Published on : 15 Mar 2021

FAQs – Pharmaceutical Industry Laws in Israel



What are the major pharmaceutical laws and regulatory bodies in ISRAEL?


The main legislation relating to pharmaceuticals in Israel is: 

  • The Pharmacists Ordinance (New Version) 1981, which governs the manufacture, selling, prescribing, importation, and registration of medicinal products, as well as data exclusivity provisions.
  • The Pharmacist Regulations (Medical Preparations) 1986, which govern the selling, prescribing, importation, and registration of medicinal items, as well as pharmacovigilance and recall provisions.
  • The Pharmacist Regulations (Good Manufacturing Practice) 2008, which governs the manufacturing, importation, and recall of pharmaceuticals.
  • The Goods and Services Price Surveillance Act of 5756-1996.
  • 5761-2001, Order for the Supervision of Goods and Services Prices (Maximum Prices for Prescription Preparations).
  • 5761-2001 Order for the Supervision of Goods and Services Prices (Application of the Act to Preparations).

Regulatory agencies

  • The Ministry of Health (MOH) Pharmaceutical Administration is the governing body in charge of pharmaceuticals in Israel. It is made up of the following bodies:
  •  The Institute for Standardization and Control of Pharmaceuticals (ISCP), which is in charge of ensuring the quality of pharmaceuticals.
  • The Department of Preparations Registration, which is in charge of registering pharmaceutical products.
  • The Import of Pharmaceuticals and Drugs Department, which is in charge of medicinal product importation.
  • The Pharmaceutical Monitoring Section, which is in charge of approving medicinal product labelling and packaging.

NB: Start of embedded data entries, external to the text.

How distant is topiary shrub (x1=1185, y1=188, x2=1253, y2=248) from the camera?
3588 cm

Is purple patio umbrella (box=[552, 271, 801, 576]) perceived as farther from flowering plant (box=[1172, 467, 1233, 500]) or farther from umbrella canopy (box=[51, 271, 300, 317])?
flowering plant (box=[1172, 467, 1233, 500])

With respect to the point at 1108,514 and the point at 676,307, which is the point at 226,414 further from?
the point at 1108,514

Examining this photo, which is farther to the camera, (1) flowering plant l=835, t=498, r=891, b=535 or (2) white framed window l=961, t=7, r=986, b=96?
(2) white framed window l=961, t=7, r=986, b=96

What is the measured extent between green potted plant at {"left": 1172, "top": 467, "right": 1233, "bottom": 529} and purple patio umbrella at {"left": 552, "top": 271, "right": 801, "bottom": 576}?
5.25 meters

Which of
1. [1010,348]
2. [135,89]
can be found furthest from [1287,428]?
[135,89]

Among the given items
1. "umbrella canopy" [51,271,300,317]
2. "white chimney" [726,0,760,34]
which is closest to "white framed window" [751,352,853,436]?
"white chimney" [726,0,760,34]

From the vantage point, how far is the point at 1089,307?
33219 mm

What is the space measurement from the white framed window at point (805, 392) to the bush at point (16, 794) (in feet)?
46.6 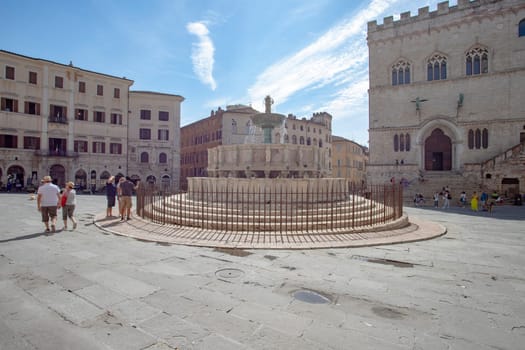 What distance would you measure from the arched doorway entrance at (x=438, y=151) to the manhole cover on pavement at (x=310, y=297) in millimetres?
32744

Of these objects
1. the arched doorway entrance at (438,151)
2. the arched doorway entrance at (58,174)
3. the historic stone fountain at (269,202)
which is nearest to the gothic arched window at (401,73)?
the arched doorway entrance at (438,151)

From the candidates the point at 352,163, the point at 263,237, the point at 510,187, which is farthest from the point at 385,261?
the point at 352,163

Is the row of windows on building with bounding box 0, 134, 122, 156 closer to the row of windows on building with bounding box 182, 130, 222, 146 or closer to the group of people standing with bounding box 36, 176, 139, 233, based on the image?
the row of windows on building with bounding box 182, 130, 222, 146

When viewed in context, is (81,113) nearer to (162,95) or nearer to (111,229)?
(162,95)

The Department of Pharmacovigilance and Drug Information, which is in charge of ensuring the safety of drug treatment

  • Pharmaceutical facilities in Israel, among other items, are under the purview of the Pharmaceutical Administration.
  • Obtaining and inspecting pharmaceutical and medical device licenses.
  • Observing human clinical trials
  •  Defending against prescription fraud.
  • The key aim of the Pharmaceutical Administration is to ensure that all medical preparations sold in Israel meet the required safety, consistency, and efficacy requirements. The Pharmaceutical Administration is also in charge of implementing the rules that govern its operations.
  • Section 1 of the Pharmacists Ordinance defines the terms preparation and therapeutic medication as any type of a substance or combination of substances that is one of the following (except blood or blood portion obtained from a human being that is intended to be used in its natural physiological form and has not undergone significant processing):
  • It has properties for curing, preventing, or treating a disease in a person or animal, or it is advertised as having such properties.
  • By exerting a pharmacological, immunological, or metabolic operation, it induces (or is administered to a human being or animal for the purpose of causing) regeneration, substitution, reparation, or a change of a physiological action throughout the body.
  • It is given to or may be given to a person or an animal for the purpose of medical diagnosis.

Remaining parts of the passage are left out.